Yes, Cebu, Philippines. That is the topic of my latest Bloomberg column, here is one excerpt:
Now consider some non-economic factors. What is the world’s most important and widely spoken language? English. Along with the native Cebuano and Tagalog, English is widely spoken in Cebu, and present on most of the signs. And what about religion? Christianity registers as the most common religion in the world, and the dominant religion in Cebu is — you guessed it — Christianity. Islam, Hinduism and various native religions are also represented, as well as variants of folk Catholicism and folk Islam, mirroring the syncretic nature of religious belief in so many other countries.
Asia is the world’s most populous continent by far, and the Philippines (of course) is in Asia. Score another point for the typicality of Cebu. Yet there are also Spanish and Spanish colonial influences, and at times I felt like I was in Latin America more than Asia. That broadens the global connections of Cebu.

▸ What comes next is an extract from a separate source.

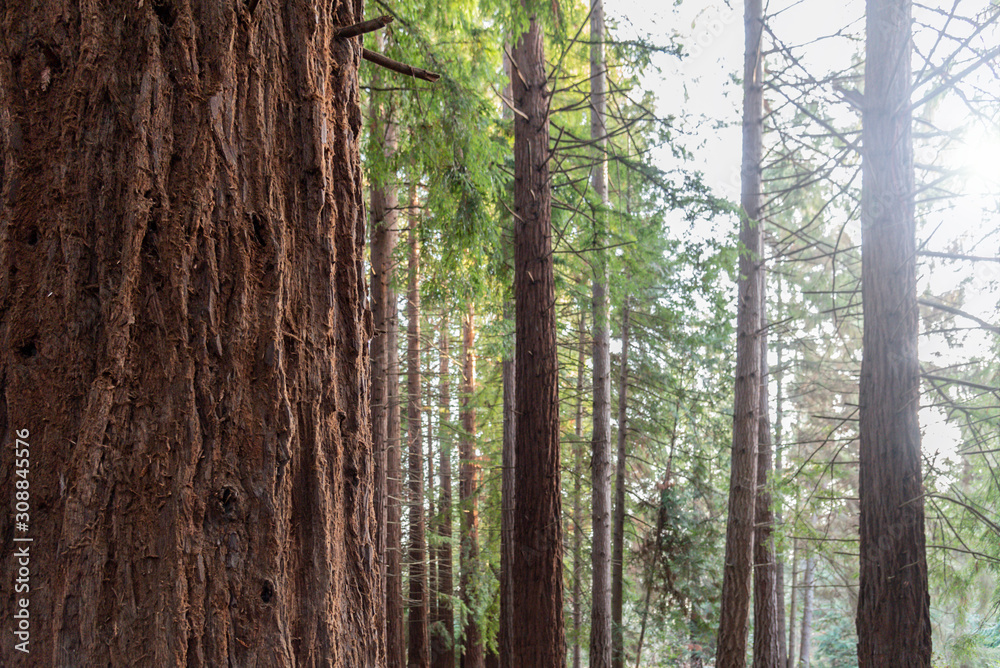 Fototapeta premium Tree bark mid section of evergreen trees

Also notable is Cebu’s North American heritage, as the Philippines was a de facto U.S. colony from 1898 to 1935. The native culture is still very much its own, but there are more superficial markers of U.S. cultural influence in Cebu, and in the Philippines more generally, than in almost any other emerging economy. There are lots of fast food restaurants, American casual dress is widespread, and basketball is much beloved.
What else? Most of the world’s population now lives in cities, and Cebu is the second largest metropolitan area in the Philippines.
Cebu is also pretty close to global median income. And here is the penultimate line:
I therefore nominate a 30-year-old Cebu mother as the epicenter of human existence.
Rico Lechon and Cafe Laguna are two places you might consider eating at.